Renee, I knew, felt my pain. She was trying to be gentle. “But you
still are institutionalized.”

I couldn’t argue with that.

I went to pull my hand away but she held on. “How will you explain
how you communicate with him, hmm?”

She had a point. If I wandered into an adoption place and said
Zack should stay with me ’cause I could read him, I’d be back in the
institution before I could finish the sentence.

“But I promised him.” Zack needed me to make sure he was okay.
What would happen to him? “He ain’t gonna be able to cope on his own.”

“And neither are you,” Renee said. She took my hand in both of
hers and traced a finger over the mark where the drip had been. “You’ve got to
know that. You don’t use technology, you’ve no bank account.” She looked up
into my eyes. “Do you even know how to use a card?”

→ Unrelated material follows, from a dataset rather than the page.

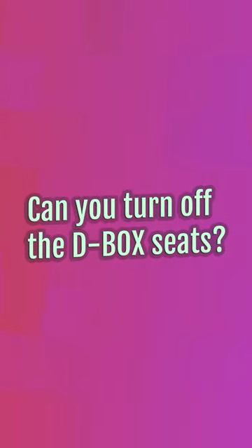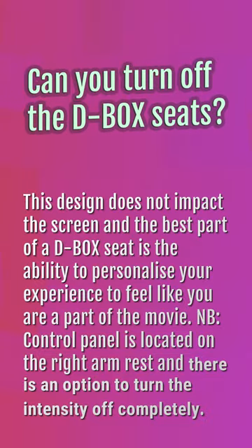Can you turn off the D-Box seats? This design does not impact the screen, and the best part of a D-Box seat is the ability to personalize your experience to feel like you are a part of the movie. The control panel is located on the right armrest and there is an option to turn the intensity off completely.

I shook my head. What was the issue? I could work around it. I had
in Oppidum. “I got money though.”

“Yes, you do.” She sighed. “It’s all tied up by your mother. You
can’t access it unless she allows you to.”

My mother sucked, that much I was now sure of. I stared at the
buzzing bar. The locals here had made me more welcome than any place else
had.  

Renee was trying to get me to meet her eyes but I kept staring at
the patrons in the bar. Most of them had risked their lives today. They were
good people.

“Aeron, it’s to protect you.”

What was money anyway? I’d had none when I left the institution.
All I needed was a roof, warmth, and some way to feed myself. “I survived long
enough without protection.”

Renee squeezed my hand. I did meet her eyes this time. “Yes you
did.” She smiled. “But you don’t have to anymore.”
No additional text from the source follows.